Task to carry out: Your answer must restate the listing below word for word and contain no images.

Information provided:

■ ■ ■ ■

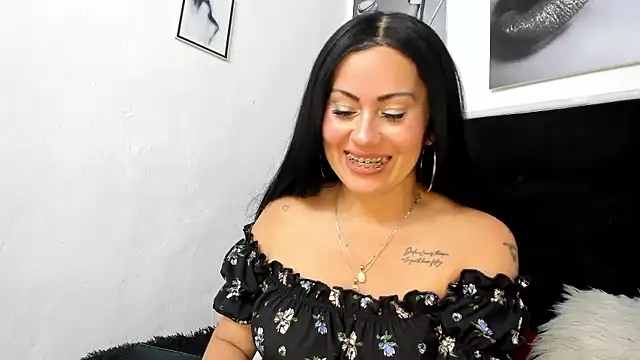 Tania_matureのライブXXXチャット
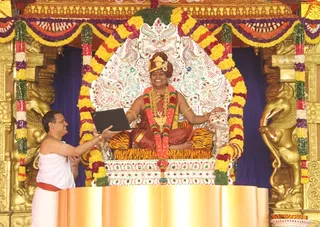 https://nithyananda.org/sites/default/files/photo-gallery/Nithyananda_Swami-27-dec-2013-2%20%2813%29.JPG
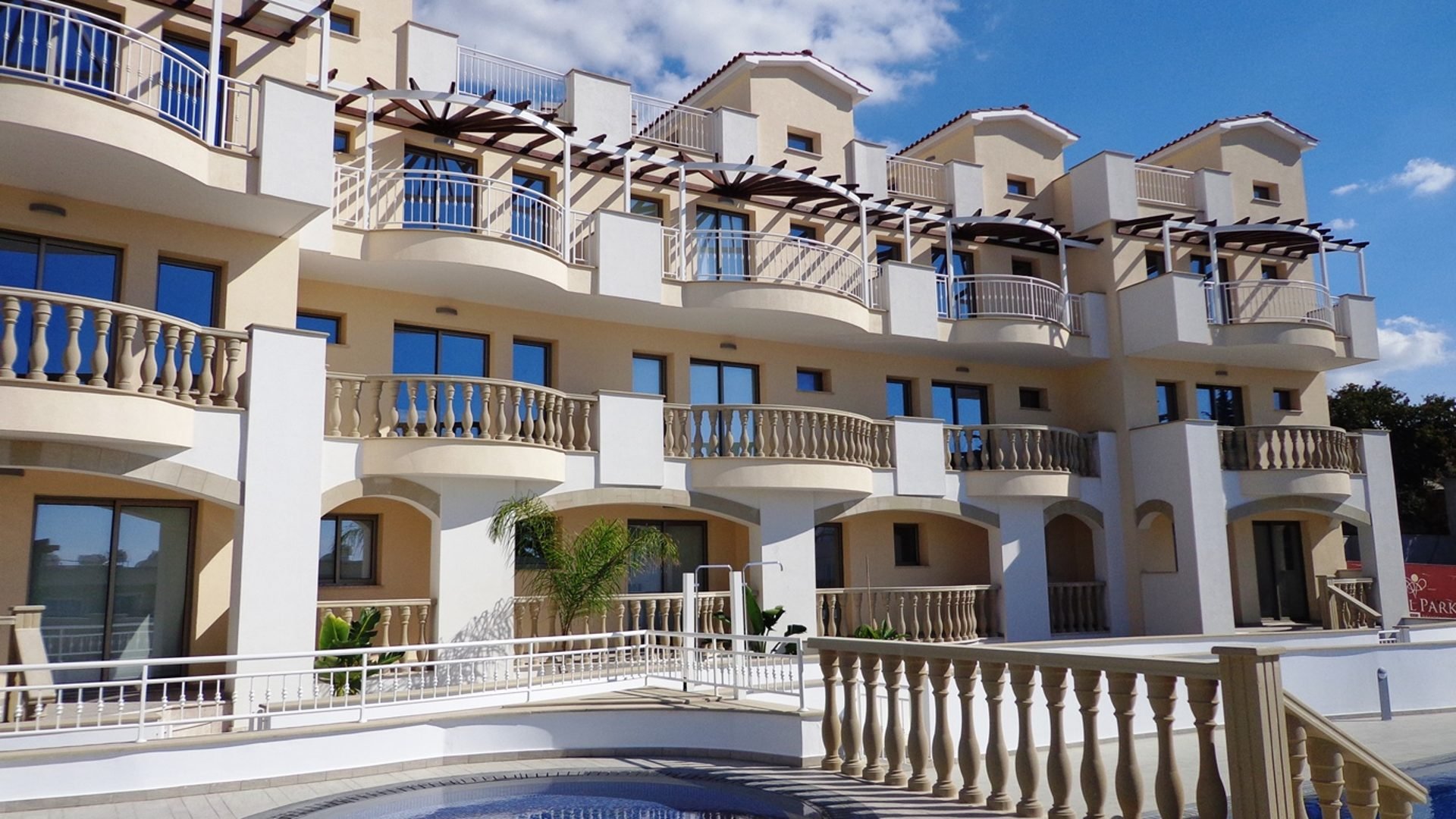 3 dormitorios Apartamento en Pearl Park Residences Paphos, Chipre No. 5334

■ ■ ■ ■

Answer to this task:
 Tania_matureのライブXXXチャット
 https://nithyananda.org/sites/default/files/photo-gallery/Nithyananda_Swami-27-dec-2013-2%20%2813%29.JPG
 3 dormitorios Apartamento en Pearl Park Residences Paphos, Chipre No. 5334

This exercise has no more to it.